Es wäre sinnvoller, wenn ich dort drüben wäre. Mich würde er nicht erkennen.
Stefan blickte finster, doch er sparte sich eine Antwort. Er war nach Sea Haven gekommen, um seinen jüngeren Bruder vor einem Mörder zu warnen und zu beschützen. An seinen Absichten hatte sich nichts geändert, noch nicht einmal durch seine Begegnung mit Judith. Es war schlimm genug, dass Lev darauf bestand mitzukommen, aber er würde nicht zulassen, dass er die gefährliche Position einnahm.
Der Wind hatte aufgefrischt, schlug auf das Meer ein und stieß die Wellen in immer höhere Kämme, sodass sie sich in turmhohen Wellenbergen über den Klippen brachen und weiße Gischt hoch in die Luft aufsprühte. Das Meer war eine zornige Kraft, finster und aufgewühlt, und zeigte kein Erbarmen mit irgendetwas, das sich ihm in den Weg stellte. Er fühlte die Kraft, atmete sie ein und sog sie tief in seine Lunge. Wogen von Energien ritten auf der Kraft des Windes und des Meeres. Es waren eindeutig gewalttätige Energien. Stefan zweifelte nicht daran, dass Ivanov etwas Sadistisches ausheckte – und er war in ihrer Nähe.

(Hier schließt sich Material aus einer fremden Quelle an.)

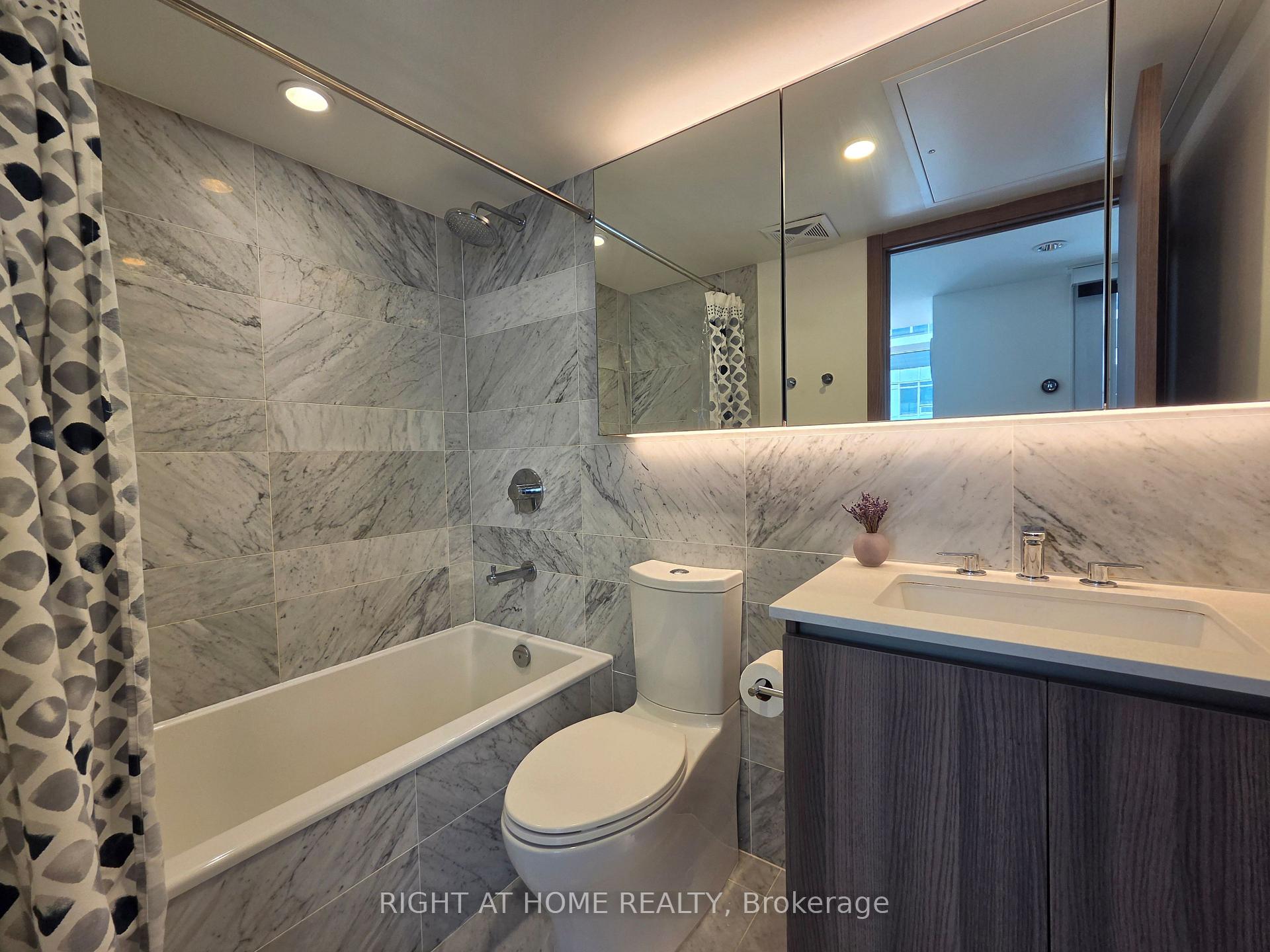 Photo 8 of Unit 602, 17 Bathurst Street, Toronto, Waterfront Communities — HOMEH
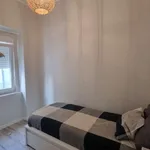 Rent a room in lisbon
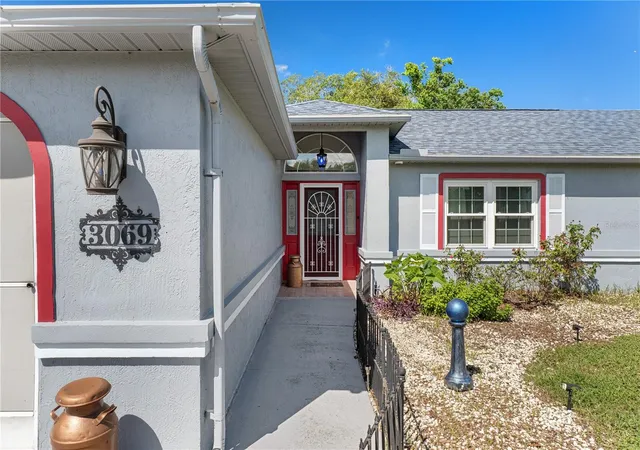 Photo 3 of Single family home for sale at 3069 Ardenwood Dr, Spring Hill, FL 34609 | MLS# W7889194 | Listing updated on 2026-09-13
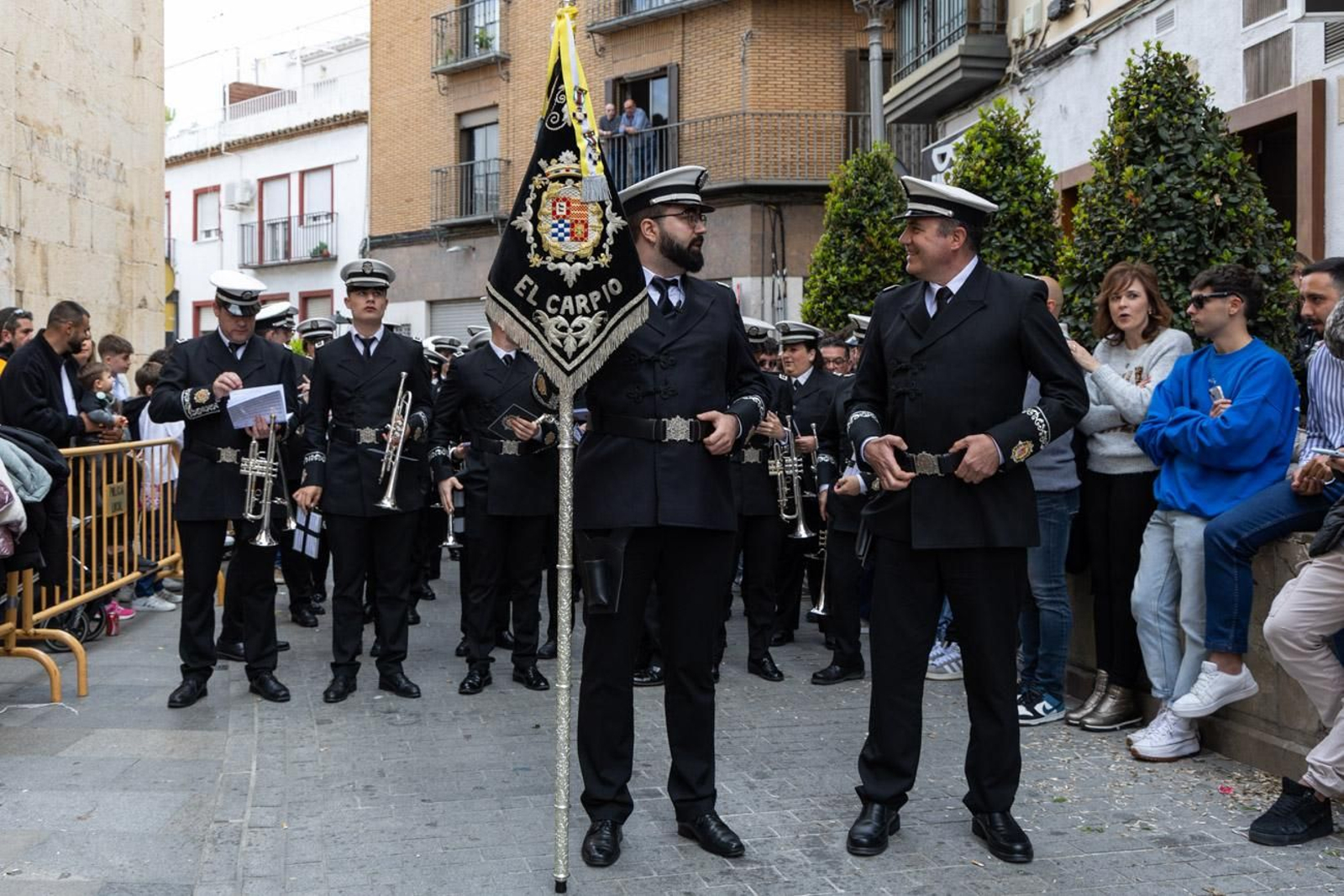 Las cofradías de la Vera Cruz, Expiración y Gran Poder lucen sus cortejos en la calle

Er ist hier – ganz in der Nähe, Lev. Er fügt etwas oder jemandem Schmerz zu. Stefan versuchte die Richtung einzuengen. Bleib in den Schatten. Komm nicht in meine Nähe.
Was auch immer Ivanov gerade tat – er musste in ihrer Nähe sein, denn die Energien waren zu stark. Stefan riskierte es, die Straße zu überqueren und vor seinem Bruder herzulaufen. In dem Moment, als er sich einer Querstraße näherte, fühlte er Schmerz, Leid und immense Furcht. Das Opfer war noch am Leben, doch er konnte fühlen, wie seine Lebenskraft abebbte. Er bog in diese Straße ein und rannte los. Er war breit gebaut und es war nicht gerade das Klügste, leichtfüßig über eine unebene Straße zu laufen, wenn er jeden Moment damit rechnete, dass ein Schuss auf ihn abgegeben wurde, aber wenn die Chance bestand zu verhindern, dass ein Unschuldiger starb, musste er sie ergreifen.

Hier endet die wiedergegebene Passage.